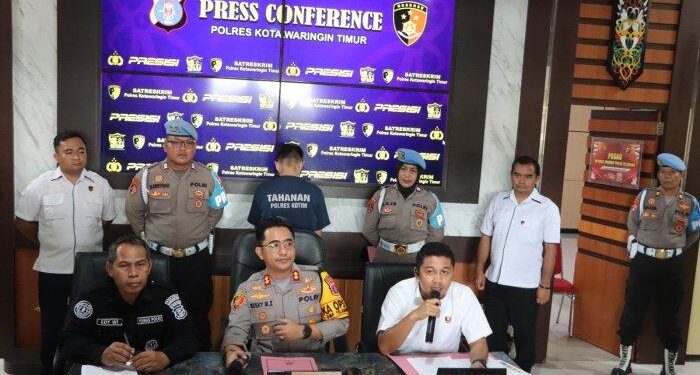 Kapolres Kotim, AKBP Resky Maulana Zulkarnain saat memimpim press release Tipikor dana desa Bamadu Kotim. (foto/ist)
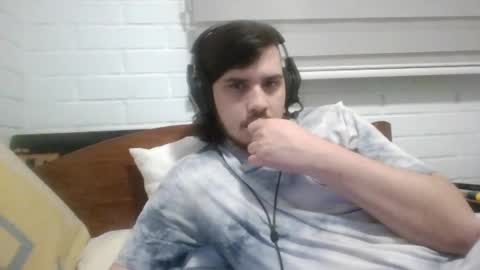 Snapshot of hungweeb chatting on October 27, 2025, 3:43 am Rod online show from October 27, 2025, 3:43 am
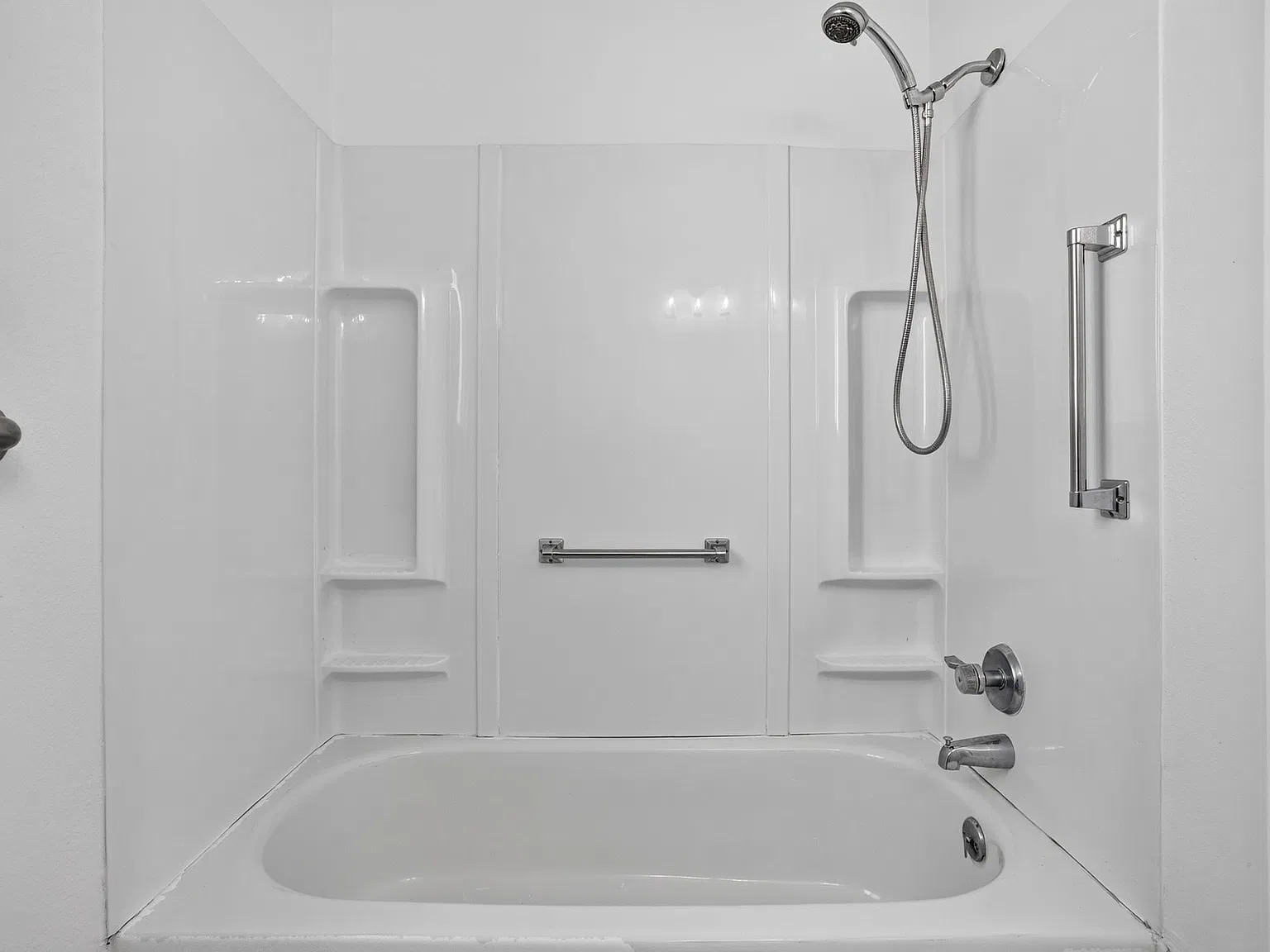17170 Beers Ave — Photo 3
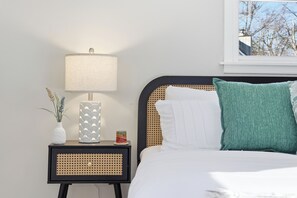 4 Schlafzimmer, Schreibtisch, Bügeleisen/Bügelbrett, Reisekinderbett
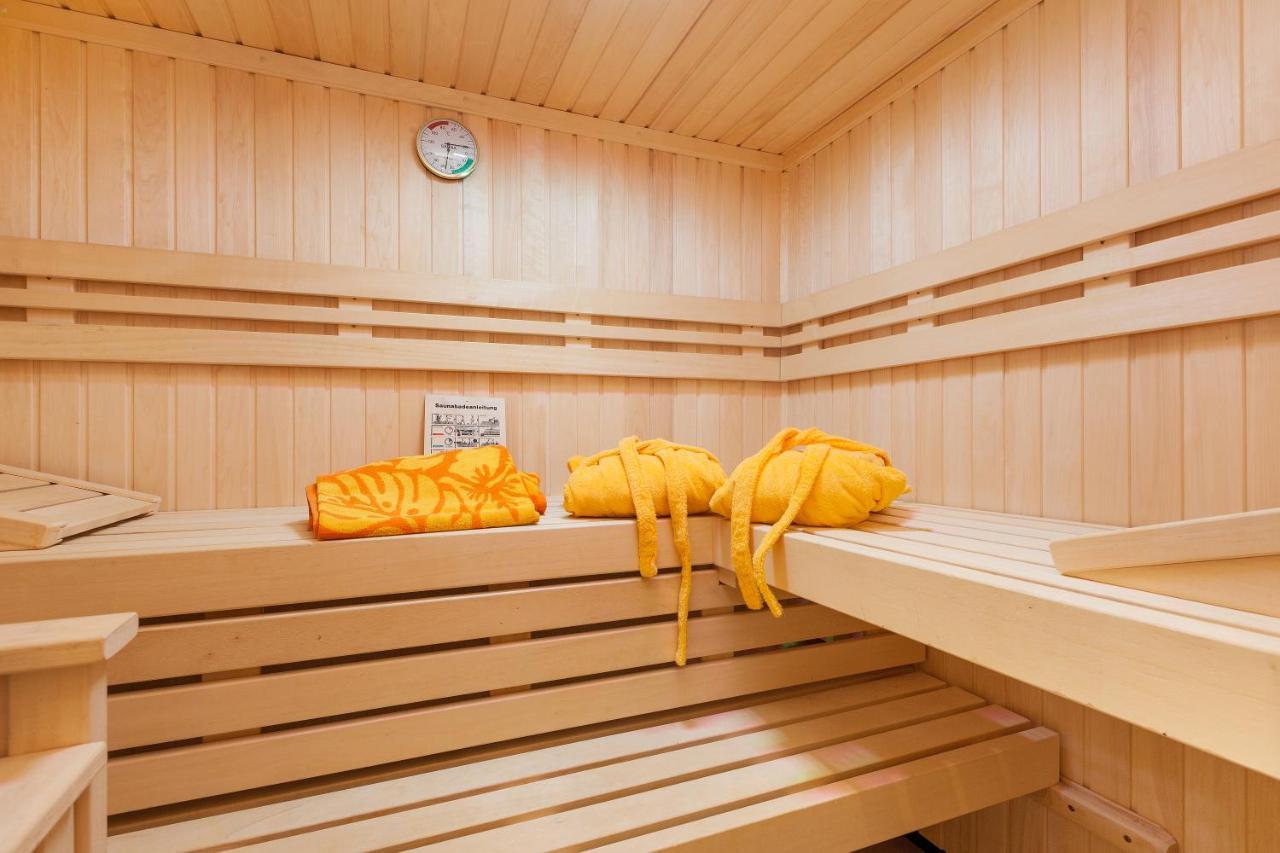 Direkt Am Strand Mit Meerblick Und Sauna - Fewo Strandidyll Binz Exterior photo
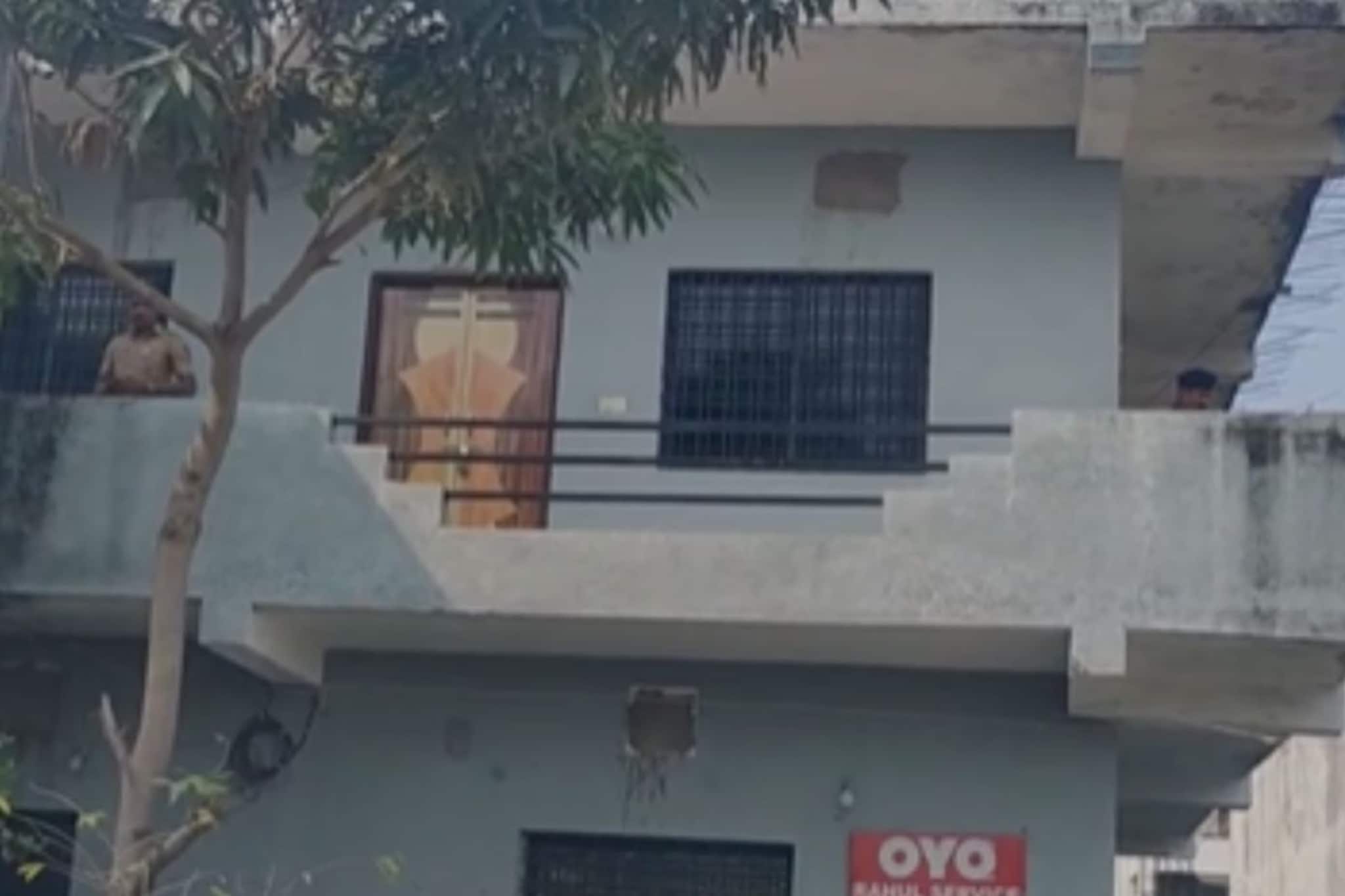 OYO हॉटेलमध्ये रक्तरंजित खेळ; लव्ह अफेअरचा भयावह अंत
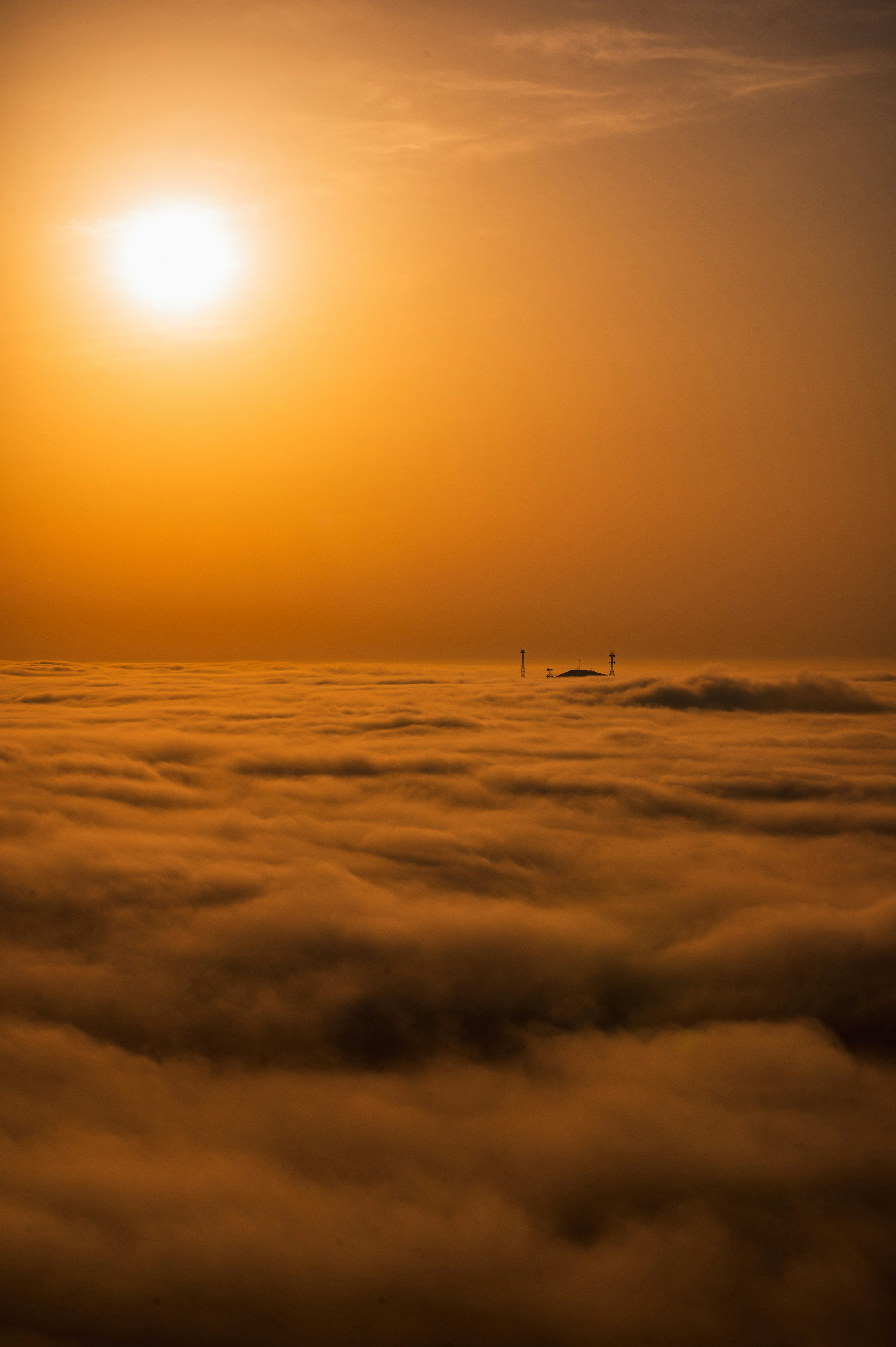 太陽が雲海の上に輝く美しい夕焼けの風景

***

All of the entries need to be copied exactly, minus any pictures.

 Kapolres Kotim, AKBP Resky Maulana Zulkarnain saat memimpim press release Tipikor dana desa Bamadu Kotim. (foto/ist)
 Snapshot of hungweeb chatting on October 27, 2025, 3:43 am Rod online show from October 27, 2025, 3:43 am
17170 Beers Ave — Photo 3
 4 Schlafzimmer, Schreibtisch, Bügeleisen/Bügelbrett, Reisekinderbett
 Direkt Am Strand Mit Meerblick Und Sauna - Fewo Strandidyll Binz Exterior photo
 OYO हॉटेलमध्ये रक्तरंजित खेळ; लव्ह अफेअरचा भयावह अंत
 太陽が雲海の上に輝く美しい夕焼けの風景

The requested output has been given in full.